In 1997 MOOP was restructured and secured through Sight Savers International large funding from EU which made the programme expand. The country was divided into five zones and vehicles for mobilising cataract patients were bought for each zone and several eye camps were organised in many districts benefiting the majority of Malawians. As a young medical graduate I saw what MOOP was doing and decided that Ophthalmology field was going to be my destiny.

Today as I contemplate committing suicide after hearing that SSI has dropped supporting MOOP and that there will be no future outreach eye camps in Malawi, I can not just see what life will be for me in Malawi. Why? When I come back to Malawi as an Ophthalmologist in 2002 and settled in Blantyre MOOP had a lot of funding and asked me to organise as many camps so that we could operate on many patients. I travelled the whole year of 2003 from Karonga to Nsanje and operated on over 2000 cataract patients on that year alone restoring sight .Infact it was communicated to the ministry of health headquarters that all eye care activities in malawi were to be supported by SSI through MOOP and the ministry was delighted

Thats the year (2003) that I felt the biggest impact of working as a doctor in community and vowed that as long as I was in Malawi I would give a substantial part of my time to operating in the rural areas.My whole blog is full of stories of where I have been with MOOP, and it still hasn’t sunk to me that MOOP is dead,but why? Well I was in the UK when the stories of the global financial crisis started emerging, and we were discussing that Malawi being a poor country, we would not notice the effects of this crisis .Honestly if I knew this was coming I would have made a decision to stay in UK and work there .Here is a doctor and his team who are ready to operate on many blind patients who are out there, only to be told because of the financial crisis ,those patients can hung? So what will I be doing in Malawi? Is there a reason for continue to stay in this country when you have a valid 5 year VISA for the UK? I don’t know but I believe God has plans for everything and maybe he is asking me to move from Malawi.

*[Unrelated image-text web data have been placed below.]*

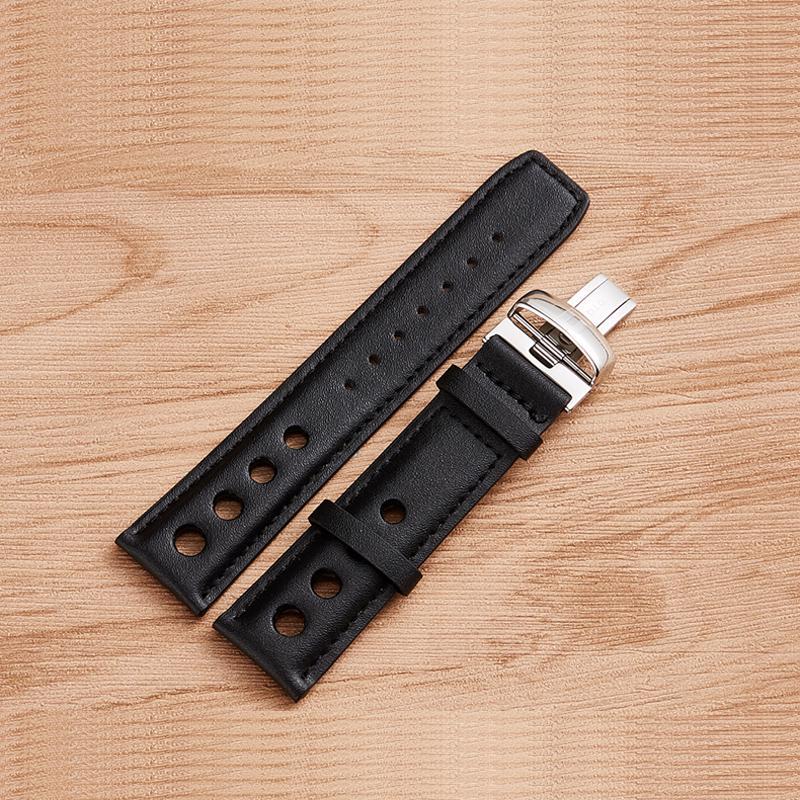 

20 мм PRS516 Series T91 T044430A T044417A Series Високоякісна срібна пряжка з метеликами + ремінець із чорними ремінцями для годинників із натуральної шкіри, браслет для T91 T91-20MM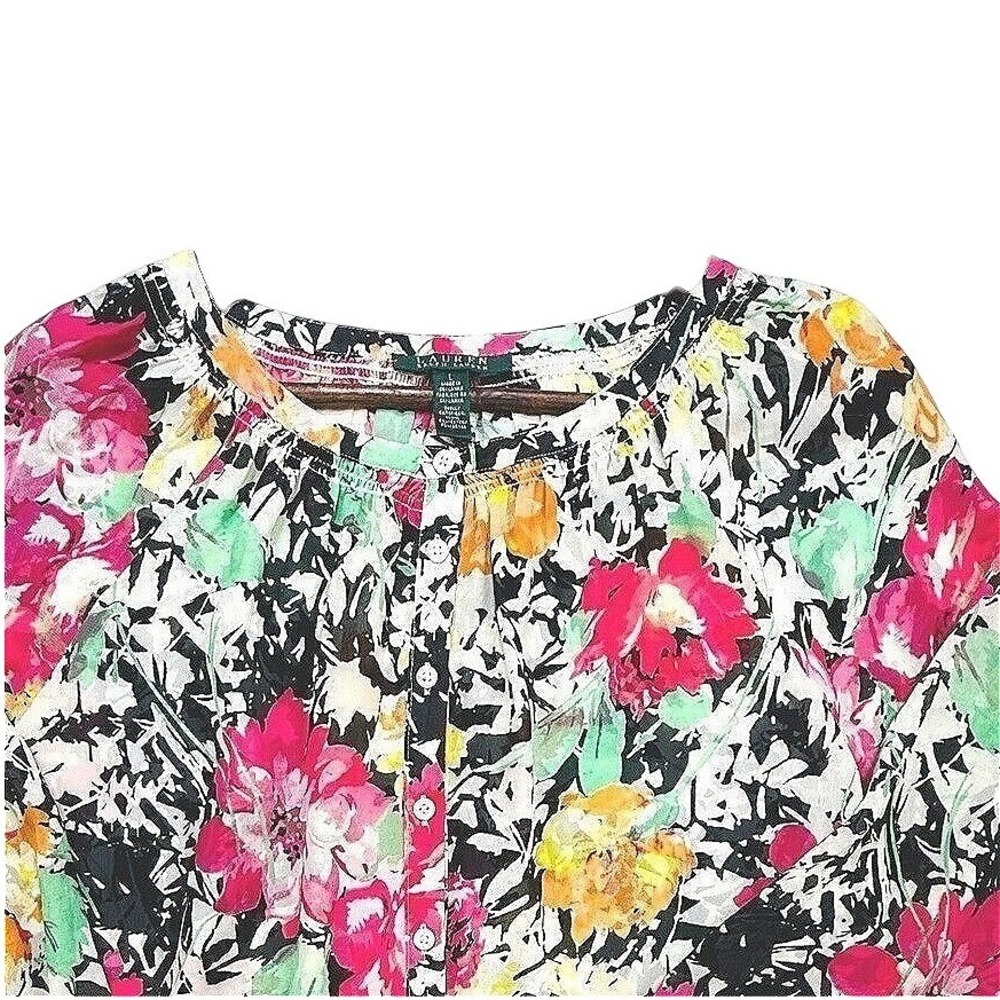 Lauren Ralph Lauren Floral Blouse Womens Large Multicolor 3/4 Sleeve‎ Button Top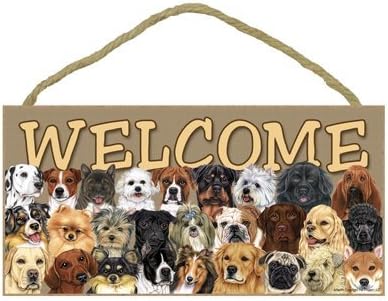 Welcome ? (Welcome In English (3 Rows Of Dogs 5 x 10 Wood Plaque Sign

I rest my case for you to judge.

+ MOOP rest in peace RIP.
Born 1971
Died Prematurely 2009
MOOP, how could you have gone so early at the age of 38?With your departure some of us have no purpose in life and we are contemplating on changing continents. What will happen to the many hopeless that you gave sight to ?
We loved you, but god loved you most.

Dr Khumbo Kalua is a Malawian Ophthalmologist whose passion for the community was being served through MOOP and is very frustrated and bitter with the global financial crisis and its major effects on poor countries like Malawi. Sight Savers International is a UK based charity NGO that was supported MOOP. The decision to stop MOOP was made at short notice and centrally at policy level (SSI) without consultation of the stakeholders, the technical staff and the Ministry of Health officials in Malawi.